» Your instructions
In the listing below, find the line with "juicy jams june 15" and the line with "NEW Gucci Women's", then return them and every line between them exactly, minus the pictures.

» Data supplied
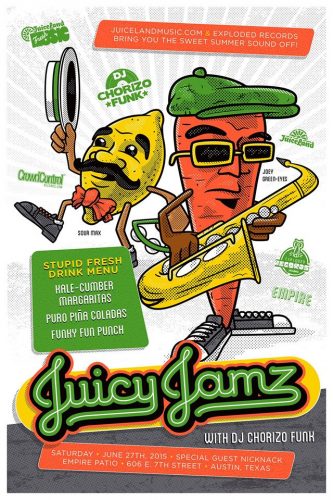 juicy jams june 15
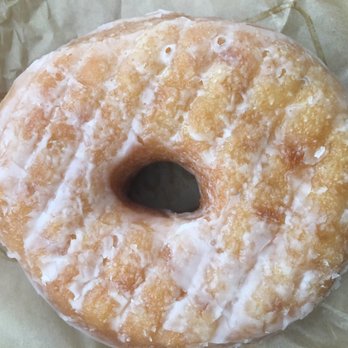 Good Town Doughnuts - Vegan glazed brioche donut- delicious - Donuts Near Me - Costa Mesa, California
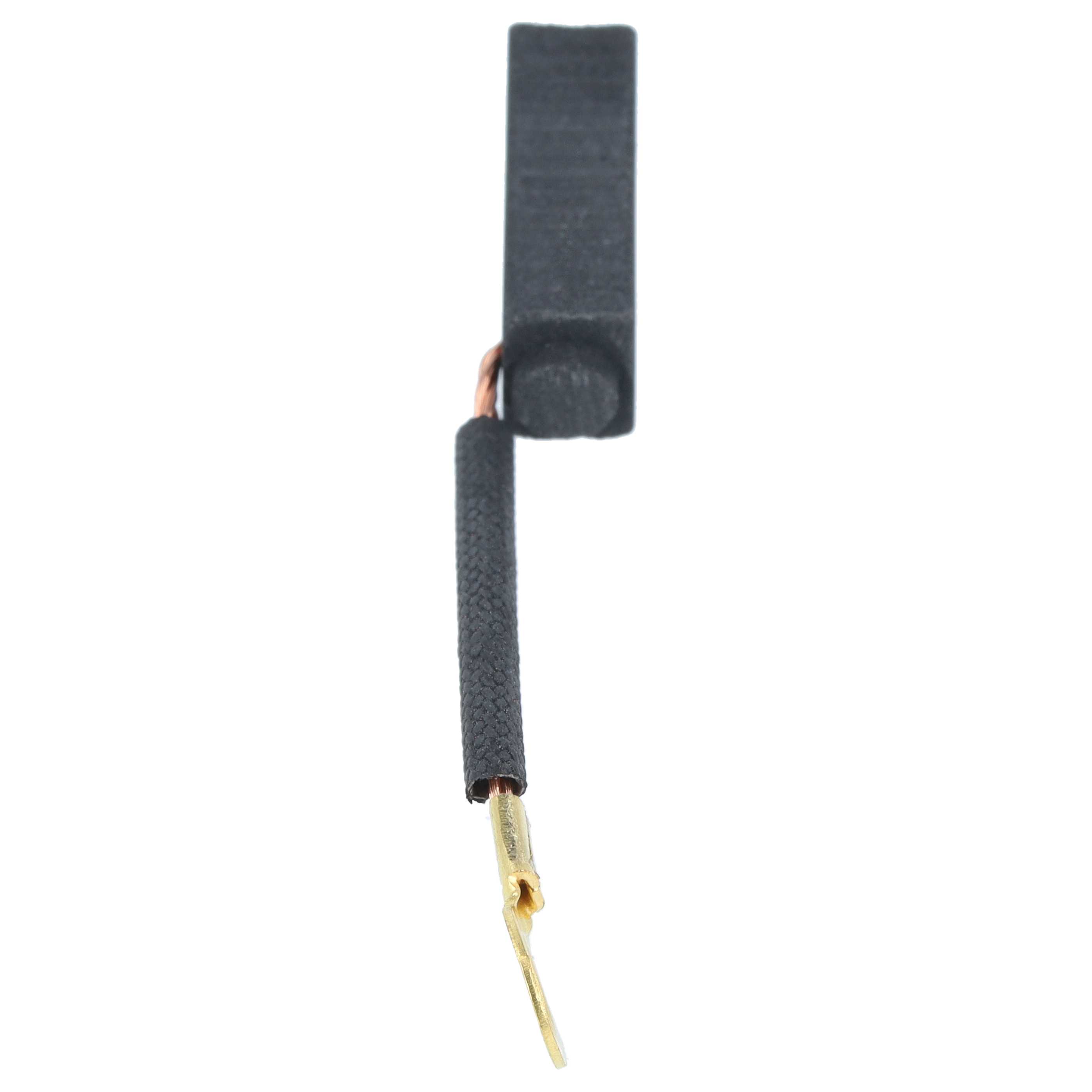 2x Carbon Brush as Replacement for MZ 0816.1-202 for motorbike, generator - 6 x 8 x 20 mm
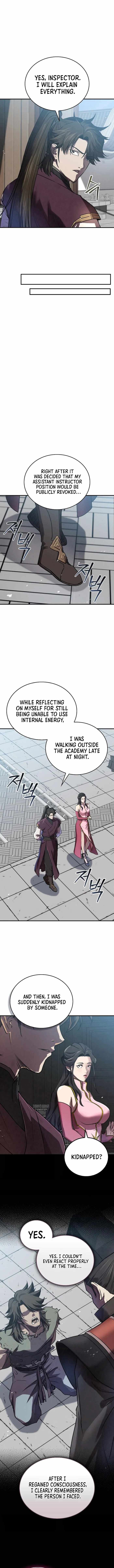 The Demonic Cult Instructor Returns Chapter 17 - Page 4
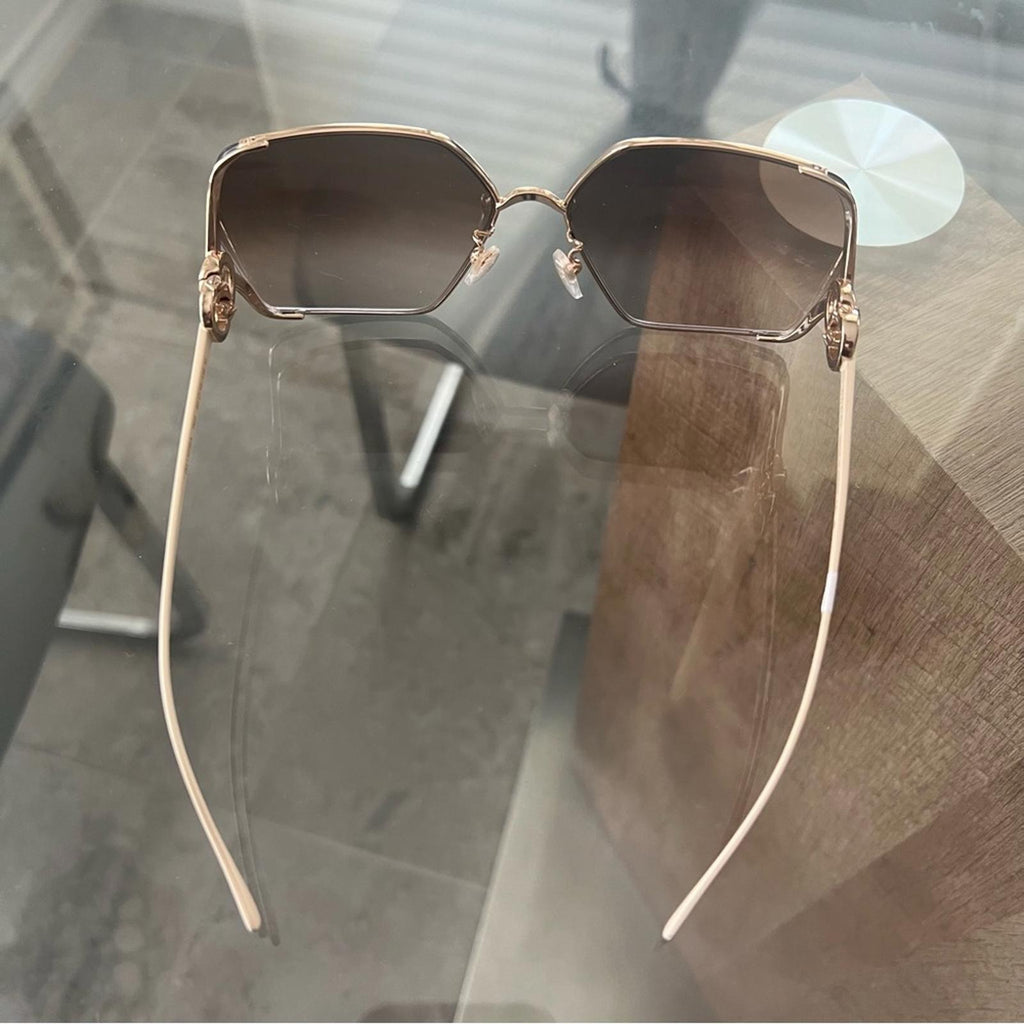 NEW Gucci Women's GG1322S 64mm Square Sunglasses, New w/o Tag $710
==
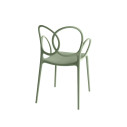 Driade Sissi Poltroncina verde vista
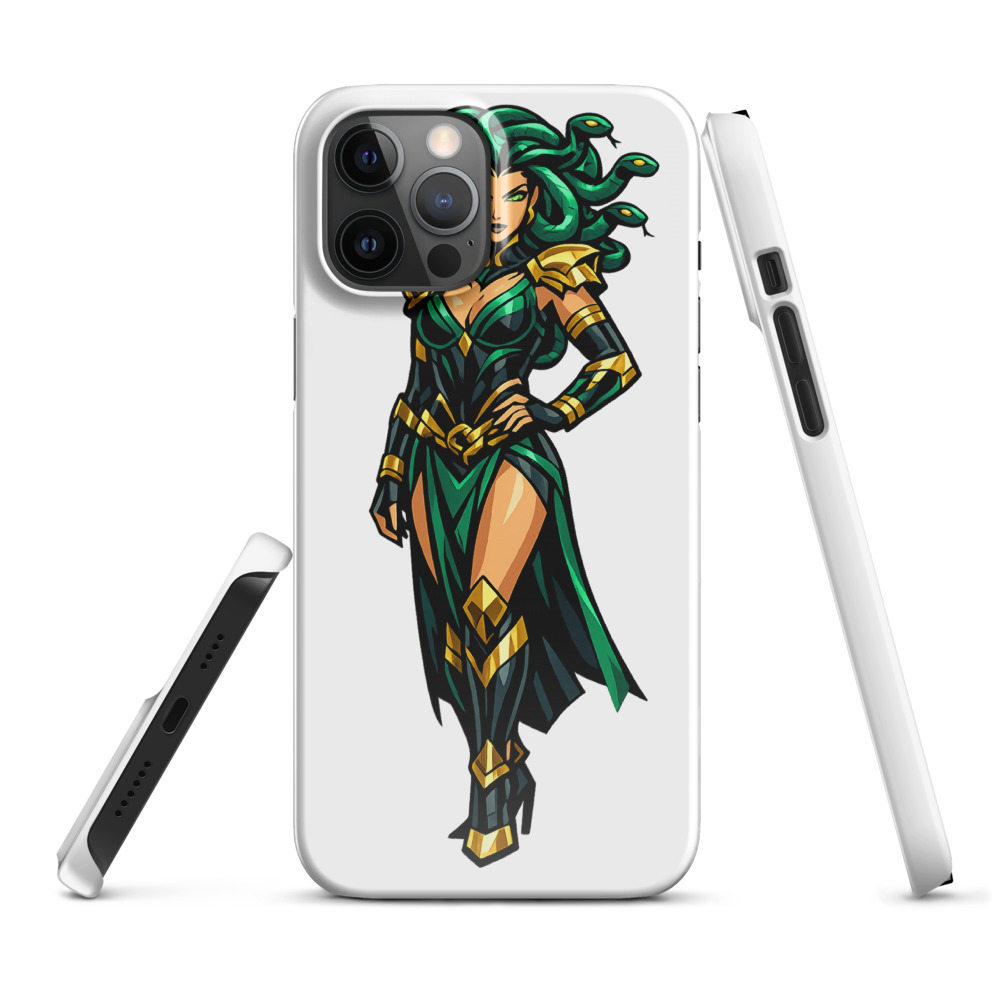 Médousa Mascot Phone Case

» Solution for this task
 juicy jams june 15
 Good Town Doughnuts - Vegan glazed brioche donut- delicious - Donuts Near Me - Costa Mesa, California
 2x Carbon Brush as Replacement for MZ 0816.1-202 for motorbike, generator - 6 x 8 x 20 mm
 The Demonic Cult Instructor Returns Chapter 17 - Page 4
 NEW Gucci Women's GG1322S 64mm Square Sunglasses, New w/o Tag $710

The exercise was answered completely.